→ **SUPPLIED MATERIAL**:
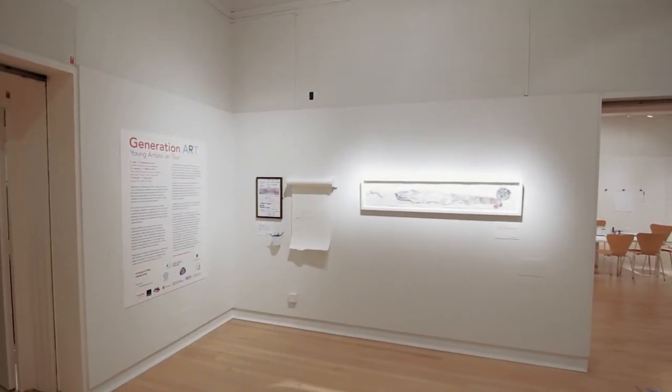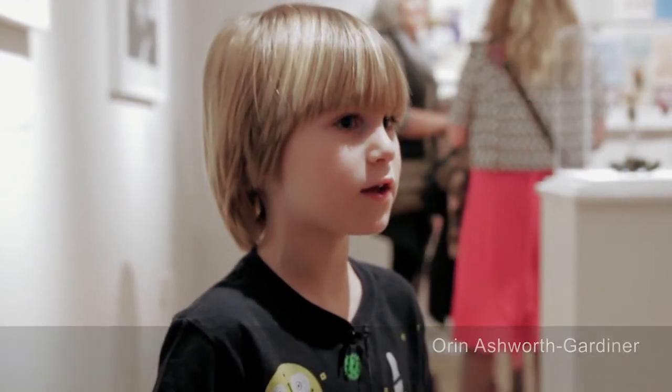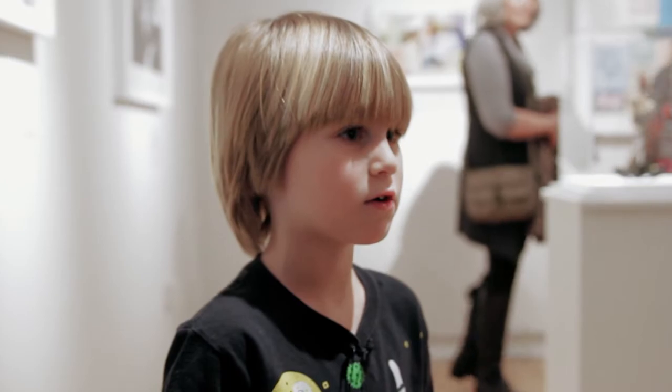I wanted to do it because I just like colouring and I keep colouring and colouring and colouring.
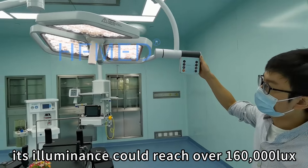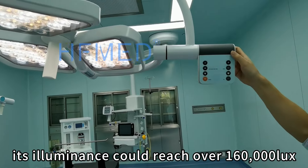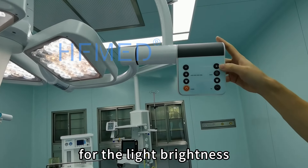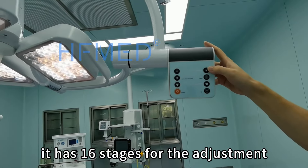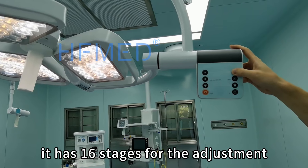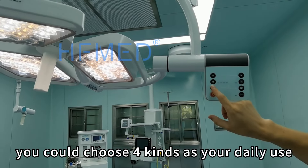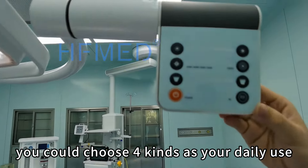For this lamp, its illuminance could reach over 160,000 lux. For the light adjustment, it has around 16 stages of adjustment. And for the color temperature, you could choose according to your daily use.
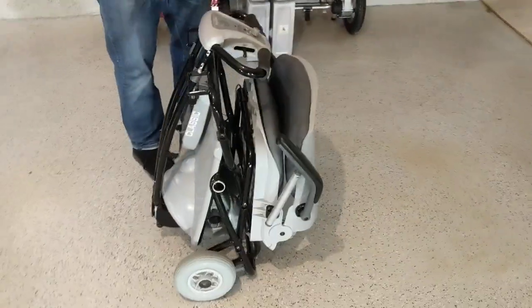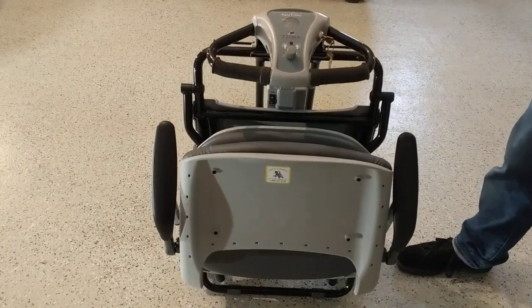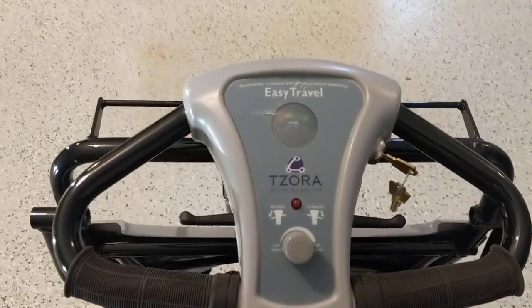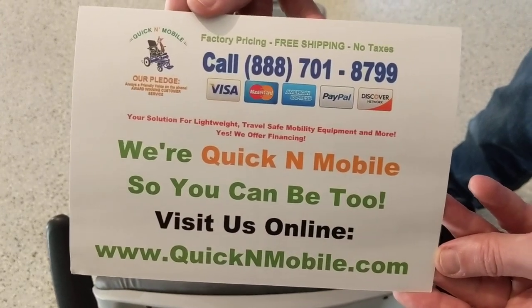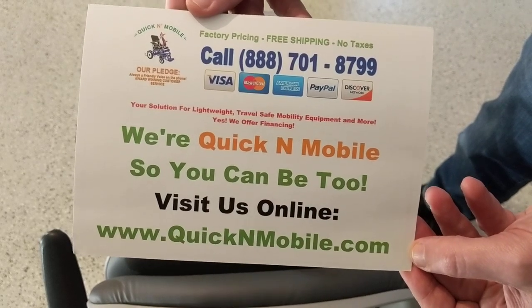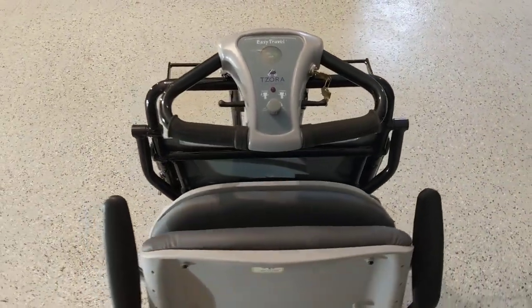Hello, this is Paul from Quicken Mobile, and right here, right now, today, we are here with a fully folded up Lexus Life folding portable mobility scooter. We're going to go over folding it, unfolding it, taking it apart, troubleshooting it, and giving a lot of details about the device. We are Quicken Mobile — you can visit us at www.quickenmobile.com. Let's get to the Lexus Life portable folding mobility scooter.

→ **GOAL OF THE EXERCISE**: Pictures aside, reproduce the listing above exactly.

→ **ANSWER SPACE**:
I wanted to do it because I just like colouring and I keep colouring and colouring and colouring.
For this lamp, its illuminance could reach over 160,000 lux. For the light adjustment, it has around 16 stages of adjustment. And for the color temperature, you could choose according to your daily use.
Hello, this is Paul from Quicken Mobile, and right here, right now, today, we are here with a fully folded up Lexus Life folding portable mobility scooter. We're going to go over folding it, unfolding it, taking it apart, troubleshooting it, and giving a lot of details about the device. We are Quicken Mobile — you can visit us at www.quickenmobile.com. Let's get to the Lexus Life portable folding mobility scooter.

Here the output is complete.